Una crónica de la Israel en guerra
Por Silvia Mercado
Uno puede llegar al Aeropuerto Internacional Ben Gurión, vecino a Tel Aviv, y no encontrar nada extraño. El aeropuerto funciona con forma impecable, como siempre. Los locales están abiertos. Hay pocos pasajeros, es verdad. Traccionado por la aerolínea de bandera El Al, el Ben Gurión funcionó siempre como un aeropuerto de conexión desde los más diversos países al Medio Oriente. Ahora solo llega la compañía israelí y, excepcionalmente, algún vuelo de Etiopía o Egipto. Se espera que Lufthansa lo haga a partir del 1º de abril, acuerdo que es comentado por los israelíes casi como un logro diplomático.
Al salir del aeropuerto, todo funciona. Taxis, combies, buses. El magnífico tren que conecta todo el Estado e incluso llega a la Terminal 3 del Ben Gurión, sigue en sus horarios habituales y con rigor británico.
Los restaurantes están repletos. Las universidades, abiertas. Las fábricas no paran. Las escuelas imparten sus clases normalmente. Los campos siguen produciendo alimentos. Al centro de Tel Aviv es casi imposible llegar por la cantidad de tránsito y las obras de un tren “ligero”, algo así como un subte (ya que se desarrollará bajo tierra en algunas zonas) para el transporte masivo en el área metropolitana.
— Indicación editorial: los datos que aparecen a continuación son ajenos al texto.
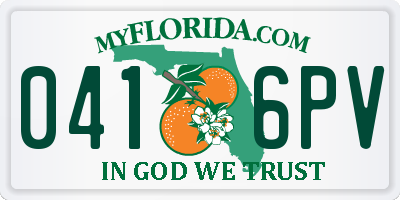 FL license plate 0416PV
En los hoteles no hay plazas disponibles, aunque están dedicados a dar alojamiento a las familias de los kibutzim que debieron abandonar sus hogares, en la mayoría de los casos destruidos por las bombas, grandes y saqueos del 7 de octubre, cuando los terroristas de Hamas ingresaron a sus territorios desde la Franja de Gaza. El Estado es el que paga la cuenta por un año.
Ahí, en el turismo, es donde existe el mayor impacto económico directo. La industria concentra el 30% de los empleados y su compleja cadena de trabajadores está viviendo del subsidio estatal.
La ciudad vieja de Jerusalem, patrimonio de la humanidad que tiene un profundo sentido místico tanto para el judaísmo, el cristianismo y el Islam, que a diario recibía miles de turistas de todo el mundo y de todas las religiones, hoy está vacía. Los infinitos locales que venden desde un kipá hasta humus al vacío, están cerrados.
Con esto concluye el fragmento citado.